= Thane Maynard =

American zookeeper and author

Thane Maynard is an American zookeeper and author who served as the director of the Cincinnati Zoo and Botanical Garden (2007-2015). He is also an author and the host of The 90-Second Naturalist, a 1½-minute syndicated radio program produced at Cincinnati Public Radio stations WGUC and WVXU. Often appearing on Late Night with Conan O'Brien, Maynard has also been featured on Good Morning America, The Today Show, and CBS This Morning. He is actively involved in the Association of Zoos and Aquariums, and is a member of Leadership Cincinnati Class XVII, The Hillside Trust, and The Ohio Chapter of TNC.
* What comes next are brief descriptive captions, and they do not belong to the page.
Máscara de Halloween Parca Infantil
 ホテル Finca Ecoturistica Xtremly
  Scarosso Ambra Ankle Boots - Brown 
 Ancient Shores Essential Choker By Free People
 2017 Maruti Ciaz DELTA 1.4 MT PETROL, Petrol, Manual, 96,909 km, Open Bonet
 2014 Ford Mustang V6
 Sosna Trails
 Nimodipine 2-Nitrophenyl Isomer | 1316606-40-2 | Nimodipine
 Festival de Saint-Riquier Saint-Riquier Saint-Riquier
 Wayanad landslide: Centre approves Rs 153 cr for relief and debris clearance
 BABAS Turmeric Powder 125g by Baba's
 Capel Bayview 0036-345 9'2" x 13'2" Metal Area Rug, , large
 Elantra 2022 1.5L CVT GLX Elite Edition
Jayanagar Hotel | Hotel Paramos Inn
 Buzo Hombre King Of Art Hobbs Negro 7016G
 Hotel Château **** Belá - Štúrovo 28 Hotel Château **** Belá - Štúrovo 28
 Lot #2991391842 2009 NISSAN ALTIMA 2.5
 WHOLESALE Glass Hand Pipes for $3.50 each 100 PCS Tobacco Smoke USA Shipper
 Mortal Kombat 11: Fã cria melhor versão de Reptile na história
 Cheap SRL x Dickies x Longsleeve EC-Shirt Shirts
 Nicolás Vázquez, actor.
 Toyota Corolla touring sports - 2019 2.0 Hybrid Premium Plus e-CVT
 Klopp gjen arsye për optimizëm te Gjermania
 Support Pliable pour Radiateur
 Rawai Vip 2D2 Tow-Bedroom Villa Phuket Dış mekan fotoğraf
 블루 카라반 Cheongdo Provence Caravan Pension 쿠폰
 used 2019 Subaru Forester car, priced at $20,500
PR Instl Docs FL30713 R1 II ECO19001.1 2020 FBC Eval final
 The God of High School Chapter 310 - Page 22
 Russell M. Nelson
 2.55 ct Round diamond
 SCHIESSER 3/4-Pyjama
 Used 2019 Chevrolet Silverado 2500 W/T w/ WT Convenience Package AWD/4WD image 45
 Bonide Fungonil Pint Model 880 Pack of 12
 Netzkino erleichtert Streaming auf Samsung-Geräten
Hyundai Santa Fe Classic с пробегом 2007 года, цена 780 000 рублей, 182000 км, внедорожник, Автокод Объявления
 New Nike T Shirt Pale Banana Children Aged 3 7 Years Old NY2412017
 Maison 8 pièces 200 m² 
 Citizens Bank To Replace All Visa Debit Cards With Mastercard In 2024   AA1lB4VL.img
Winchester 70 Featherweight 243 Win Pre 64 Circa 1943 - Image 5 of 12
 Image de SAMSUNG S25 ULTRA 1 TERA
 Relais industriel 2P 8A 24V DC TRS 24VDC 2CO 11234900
When Harambe, a male 17-year-old Silverback gorilla, was shot dead after a 3-year-old boy managed to slip into the gorilla enclosure at the Cincinnati Zoo, Maynard justified the killing of the gorilla because he felt the child's life was in serious danger. Animal rights groups and others have questioned both the adequacy of the enclosure and the necessity for killing the gorilla. Thane defended this dedication publicly to much controversy.

Maynard is co-author with Jane Goodall and Gail Hudson of Hope for Animals and Their World: How Endangered Species Are Being Rescued from the Brink.